▶ **Activity**: Once the line with "A COUNTRY HOUSE STYLE ARMCHAIR" is found in the entries below, print it and each following line exactly, stopping after the line with "Precor Triceps Extension"; print nothing else.

Data excerpts

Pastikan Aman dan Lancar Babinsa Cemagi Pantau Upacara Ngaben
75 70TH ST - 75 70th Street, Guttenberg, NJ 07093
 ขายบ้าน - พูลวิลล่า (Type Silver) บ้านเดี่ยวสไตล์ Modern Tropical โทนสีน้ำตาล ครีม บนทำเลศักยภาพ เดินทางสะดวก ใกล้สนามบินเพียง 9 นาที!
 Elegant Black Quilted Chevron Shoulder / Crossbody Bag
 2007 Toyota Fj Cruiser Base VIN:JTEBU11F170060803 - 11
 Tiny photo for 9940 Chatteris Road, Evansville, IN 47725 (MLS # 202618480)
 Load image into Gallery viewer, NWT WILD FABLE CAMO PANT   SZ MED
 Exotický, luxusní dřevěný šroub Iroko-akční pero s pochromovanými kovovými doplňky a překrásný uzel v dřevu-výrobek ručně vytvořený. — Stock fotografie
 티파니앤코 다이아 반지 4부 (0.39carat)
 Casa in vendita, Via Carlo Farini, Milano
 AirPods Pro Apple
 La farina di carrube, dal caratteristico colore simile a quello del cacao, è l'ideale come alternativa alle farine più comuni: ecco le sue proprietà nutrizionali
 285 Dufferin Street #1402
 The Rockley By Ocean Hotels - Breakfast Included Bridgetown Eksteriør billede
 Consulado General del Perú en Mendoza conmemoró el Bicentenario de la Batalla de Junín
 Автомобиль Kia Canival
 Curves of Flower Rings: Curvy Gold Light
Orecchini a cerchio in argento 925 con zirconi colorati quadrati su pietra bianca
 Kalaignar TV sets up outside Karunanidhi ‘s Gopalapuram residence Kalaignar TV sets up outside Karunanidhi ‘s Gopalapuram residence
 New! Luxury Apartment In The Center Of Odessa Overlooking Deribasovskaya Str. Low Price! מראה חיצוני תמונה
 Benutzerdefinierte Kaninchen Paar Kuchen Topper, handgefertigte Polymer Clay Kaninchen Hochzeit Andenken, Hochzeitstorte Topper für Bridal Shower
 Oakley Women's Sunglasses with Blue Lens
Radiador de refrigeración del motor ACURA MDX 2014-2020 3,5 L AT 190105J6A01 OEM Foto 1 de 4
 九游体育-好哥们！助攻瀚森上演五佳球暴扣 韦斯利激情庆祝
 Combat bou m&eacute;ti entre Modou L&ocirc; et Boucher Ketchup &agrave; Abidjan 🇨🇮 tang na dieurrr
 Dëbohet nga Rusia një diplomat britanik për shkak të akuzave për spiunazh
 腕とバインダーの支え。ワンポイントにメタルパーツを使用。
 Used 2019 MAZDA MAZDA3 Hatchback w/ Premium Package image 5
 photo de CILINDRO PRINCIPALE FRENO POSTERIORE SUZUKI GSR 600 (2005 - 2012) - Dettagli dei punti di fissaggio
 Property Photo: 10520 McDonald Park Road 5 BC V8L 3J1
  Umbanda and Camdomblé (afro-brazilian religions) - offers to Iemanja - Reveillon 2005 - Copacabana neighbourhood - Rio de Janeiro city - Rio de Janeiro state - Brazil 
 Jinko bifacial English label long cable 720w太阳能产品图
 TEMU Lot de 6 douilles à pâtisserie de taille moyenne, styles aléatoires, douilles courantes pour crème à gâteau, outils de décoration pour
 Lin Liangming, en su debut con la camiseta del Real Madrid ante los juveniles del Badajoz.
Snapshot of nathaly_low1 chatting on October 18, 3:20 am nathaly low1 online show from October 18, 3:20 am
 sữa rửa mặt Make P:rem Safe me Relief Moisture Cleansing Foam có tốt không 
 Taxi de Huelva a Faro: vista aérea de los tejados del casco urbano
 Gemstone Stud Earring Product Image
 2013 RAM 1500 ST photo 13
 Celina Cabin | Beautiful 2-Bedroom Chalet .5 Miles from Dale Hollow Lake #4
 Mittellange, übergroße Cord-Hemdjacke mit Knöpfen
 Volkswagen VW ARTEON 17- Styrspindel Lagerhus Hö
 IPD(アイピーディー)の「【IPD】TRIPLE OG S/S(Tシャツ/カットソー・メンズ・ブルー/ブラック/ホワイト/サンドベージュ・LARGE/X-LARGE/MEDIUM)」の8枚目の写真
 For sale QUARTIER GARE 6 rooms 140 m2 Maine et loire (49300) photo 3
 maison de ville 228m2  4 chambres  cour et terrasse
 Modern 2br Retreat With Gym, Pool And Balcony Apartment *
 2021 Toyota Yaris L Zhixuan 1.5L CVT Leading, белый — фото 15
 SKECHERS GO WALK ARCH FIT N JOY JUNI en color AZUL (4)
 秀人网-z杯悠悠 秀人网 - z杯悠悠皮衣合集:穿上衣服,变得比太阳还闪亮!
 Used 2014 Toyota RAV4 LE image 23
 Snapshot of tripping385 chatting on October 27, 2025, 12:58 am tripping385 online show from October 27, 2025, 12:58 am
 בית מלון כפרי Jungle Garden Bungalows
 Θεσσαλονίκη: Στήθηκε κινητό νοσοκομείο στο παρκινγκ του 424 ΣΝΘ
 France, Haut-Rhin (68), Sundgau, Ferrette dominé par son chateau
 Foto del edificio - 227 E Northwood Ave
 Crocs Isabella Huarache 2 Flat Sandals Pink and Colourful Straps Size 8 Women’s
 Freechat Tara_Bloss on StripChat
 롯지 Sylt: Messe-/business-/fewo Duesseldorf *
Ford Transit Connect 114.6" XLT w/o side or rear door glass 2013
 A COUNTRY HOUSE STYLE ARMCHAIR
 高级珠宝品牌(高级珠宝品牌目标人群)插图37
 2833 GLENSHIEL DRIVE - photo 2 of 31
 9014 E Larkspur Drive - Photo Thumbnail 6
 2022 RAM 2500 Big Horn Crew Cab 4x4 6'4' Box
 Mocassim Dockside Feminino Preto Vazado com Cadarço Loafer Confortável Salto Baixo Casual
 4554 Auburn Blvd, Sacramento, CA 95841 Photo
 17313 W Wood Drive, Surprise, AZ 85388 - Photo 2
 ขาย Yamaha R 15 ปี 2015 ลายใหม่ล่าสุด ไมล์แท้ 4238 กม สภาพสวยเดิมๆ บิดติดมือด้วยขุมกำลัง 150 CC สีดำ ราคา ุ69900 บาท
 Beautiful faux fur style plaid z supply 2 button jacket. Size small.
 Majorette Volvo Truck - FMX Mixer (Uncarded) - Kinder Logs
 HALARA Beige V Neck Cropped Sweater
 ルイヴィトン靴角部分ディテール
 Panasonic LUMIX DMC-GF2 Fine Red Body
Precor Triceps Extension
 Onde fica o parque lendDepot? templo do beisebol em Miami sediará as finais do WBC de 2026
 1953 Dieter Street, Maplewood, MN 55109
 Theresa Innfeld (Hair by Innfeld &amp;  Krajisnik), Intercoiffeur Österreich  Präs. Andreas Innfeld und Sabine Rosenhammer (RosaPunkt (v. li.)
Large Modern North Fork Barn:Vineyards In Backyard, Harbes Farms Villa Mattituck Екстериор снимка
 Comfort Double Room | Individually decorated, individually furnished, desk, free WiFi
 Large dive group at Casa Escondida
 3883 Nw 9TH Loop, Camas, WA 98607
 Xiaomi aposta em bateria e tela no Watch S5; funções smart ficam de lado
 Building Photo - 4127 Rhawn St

▶ **Output of the task**:
 A COUNTRY HOUSE STYLE ARMCHAIR
 高级珠宝品牌(高级珠宝品牌目标人群)插图37
 2833 GLENSHIEL DRIVE - photo 2 of 31
 9014 E Larkspur Drive - Photo Thumbnail 6
 2022 RAM 2500 Big Horn Crew Cab 4x4 6'4' Box
 Mocassim Dockside Feminino Preto Vazado com Cadarço Loafer Confortável Salto Baixo Casual
 4554 Auburn Blvd, Sacramento, CA 95841 Photo
 17313 W Wood Drive, Surprise, AZ 85388 - Photo 2
 ขาย Yamaha R 15 ปี 2015 ลายใหม่ล่าสุด ไมล์แท้ 4238 กม สภาพสวยเดิมๆ บิดติดมือด้วยขุมกำลัง 150 CC สีดำ ราคา ุ69900 บาท
 Beautiful faux fur style plaid z supply 2 button jacket. Size small.
 Majorette Volvo Truck - FMX Mixer (Uncarded) - Kinder Logs
 HALARA Beige V Neck Cropped Sweater
 ルイヴィトン靴角部分ディテール
 Panasonic LUMIX DMC-GF2 Fine Red Body
Precor Triceps Extension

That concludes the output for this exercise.